[Monetdb-developers] [Monetdb-pf-checkins] pathfinder/runtime shredder.mx, XQuery_0-18, 1.126, 1.126.2.1

Jens Teubner jens.teubner at in.tum.de
Thu Jun 7 09:55:56 CEST 2007


Hi Jan F,

thanks for looking into our shredder's entity handling.  This has been
bugging us for quite a while now.

It feels a bit strange, though, that we really have to implement
getEntity() ourselves.  After all, this is exactly what I would expect
to be handled automatically by an XML parsing library.

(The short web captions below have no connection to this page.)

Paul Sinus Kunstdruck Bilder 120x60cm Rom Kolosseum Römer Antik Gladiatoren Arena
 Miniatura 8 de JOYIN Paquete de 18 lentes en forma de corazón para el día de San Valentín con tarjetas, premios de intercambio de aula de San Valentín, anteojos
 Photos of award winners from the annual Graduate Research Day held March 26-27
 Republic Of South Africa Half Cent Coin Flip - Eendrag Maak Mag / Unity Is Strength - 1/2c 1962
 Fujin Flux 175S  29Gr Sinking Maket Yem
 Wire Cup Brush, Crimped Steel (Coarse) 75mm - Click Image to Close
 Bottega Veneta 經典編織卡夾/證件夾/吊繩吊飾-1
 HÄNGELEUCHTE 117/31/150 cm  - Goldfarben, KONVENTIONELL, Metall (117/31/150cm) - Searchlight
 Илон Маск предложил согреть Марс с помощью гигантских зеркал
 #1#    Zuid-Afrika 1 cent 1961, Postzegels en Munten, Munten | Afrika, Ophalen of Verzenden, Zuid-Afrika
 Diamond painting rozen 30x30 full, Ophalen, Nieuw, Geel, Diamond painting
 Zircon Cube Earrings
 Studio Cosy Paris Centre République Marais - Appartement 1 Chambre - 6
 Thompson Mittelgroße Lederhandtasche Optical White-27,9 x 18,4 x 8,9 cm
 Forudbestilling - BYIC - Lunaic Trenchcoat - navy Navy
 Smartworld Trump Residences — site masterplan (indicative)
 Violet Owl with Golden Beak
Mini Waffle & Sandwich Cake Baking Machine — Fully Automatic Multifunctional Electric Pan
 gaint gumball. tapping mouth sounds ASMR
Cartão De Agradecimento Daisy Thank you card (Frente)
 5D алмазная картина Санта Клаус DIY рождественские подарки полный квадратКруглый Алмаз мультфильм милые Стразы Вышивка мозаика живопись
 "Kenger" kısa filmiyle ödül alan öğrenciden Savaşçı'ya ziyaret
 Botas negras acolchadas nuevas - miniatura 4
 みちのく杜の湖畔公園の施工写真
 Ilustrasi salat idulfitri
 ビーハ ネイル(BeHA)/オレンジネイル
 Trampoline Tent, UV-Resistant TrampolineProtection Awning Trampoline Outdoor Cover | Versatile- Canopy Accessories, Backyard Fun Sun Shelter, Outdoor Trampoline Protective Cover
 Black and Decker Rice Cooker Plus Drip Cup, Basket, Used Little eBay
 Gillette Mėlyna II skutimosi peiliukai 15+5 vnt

I have just glanced briefly over the libxml2 documentation.  And I saw
that there is a replaceEntities field in libxml2's xmlParserCtxt struct.
As usual, the documentation is very poor here, but this sounds to me
like exactly what we need.  Have you tried whether simply enabling this
flag would handle entities automatically?  (Sorry, I don't have the time
to test this myself right now.)  You find the documentation for
xmlParserCtxt at

  http://xmlsoft.org/html/libxml-tree.html#xmlParserCtxt .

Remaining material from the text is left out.